Les descendants de Gustave Eiffel et la Ville de Paris militent pour que le « père » de la célèbre tour fasse son entrée au Panthéon. Mais en regardant de plus près comment l’ingénieur a bâti le monument et son héritage, on a de bonnes raisons d’émettre quelques réserves.
Ingénieur centralien, Gustave Eiffel (1832-1923) fonde une entreprise de construction métallique. Cette fabrique n’est pas parmi les premières de son secteur, mais affiche une belle propension à innover afin de répondre aux problématiques techniques qui se présentent au courant du xixe siècle. Scientifique brillant et passionné, Eiffel bâtit principalement des ponts et des viaducs. Cependant, pour l’exposition universelle de 1889, il reprend l’idée d’un de ses collaborateurs, Maurice Koechlin, relever le défi d’une tour de 1000 pieds, soit 300 mètres de hauteur. Comment rêver meilleure publicité pour lui que cette tour qu’il baptise du nom de son entreprise !

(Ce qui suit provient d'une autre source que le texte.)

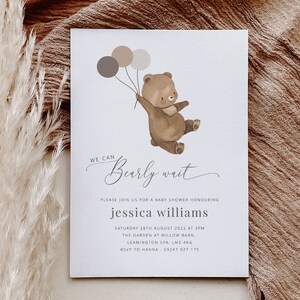 We Can Bearly Wait Invitation, Bear Baby Shower Invitation, Teddy Bear Baby Shower, Bear Invitation Template, Printable Baby Shower Invite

Brillant ingénieur ou affairiste douteux ?
En parallèle, il est appelé à réaliser les écluses du canal de Panama. Ce chantier s’avère vite beaucoup plus coûteux que prévu et, en pratique, hors de portée pour la compagnie qui en a la charge. Toutefois, ses dirigeants s’engagent dans une fuite en avant reposant sur une corruption à grande échelle. 110 parlementaires acceptent des sommes importantes pour permettre de déroger à la protection des petits épargnants. Des journaux sont également payés (dont celui de Clemenceau, La Justice) pour vanter au public l’intérêt du placement.

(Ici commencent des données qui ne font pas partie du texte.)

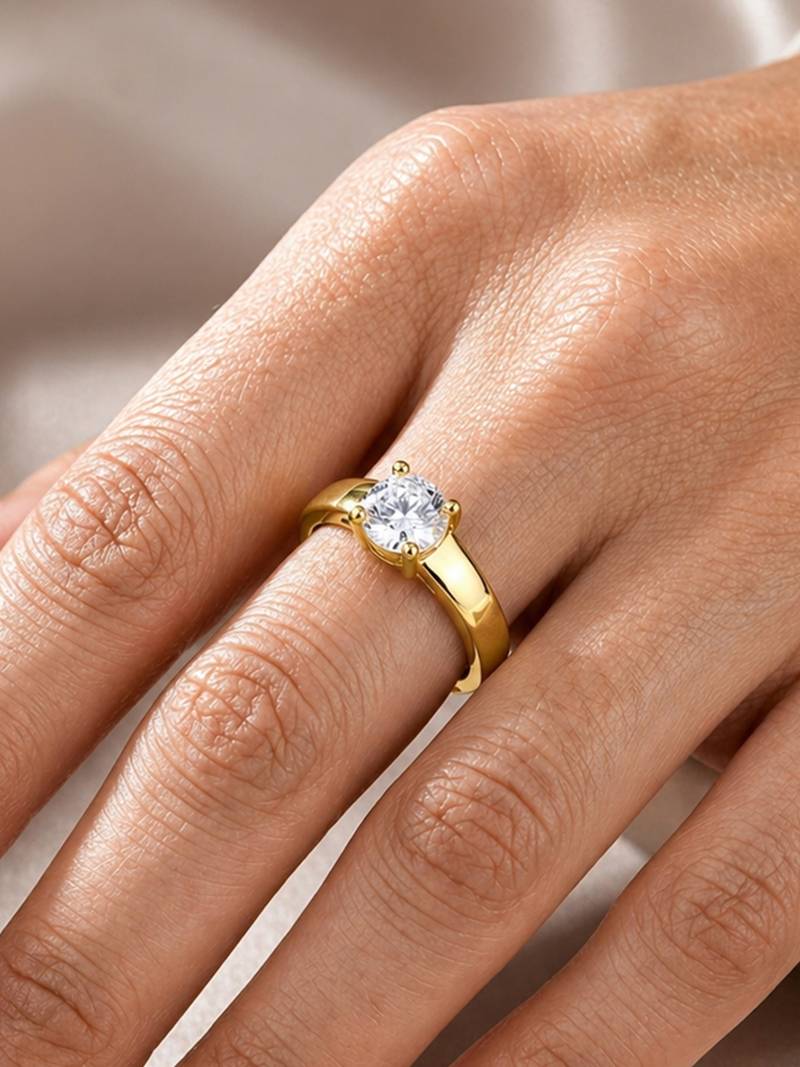 Gold cubic zirconia gold plated finger ring for women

En février 1889, peu avant l’inauguration de la tour Eiffel, la société du canal de Panama fait faillite. Des centaines de milliers de petits épargnants sont ruinés. En outre, dans les années suivantes, le vaste système de corruption est révélé au public, notamment à l’instigation du journaliste antisémite Édouard Drumont. C’est un séisme politique qui contribue gravement à la montée de l’antiparlementarisme et de l’antisémitisme.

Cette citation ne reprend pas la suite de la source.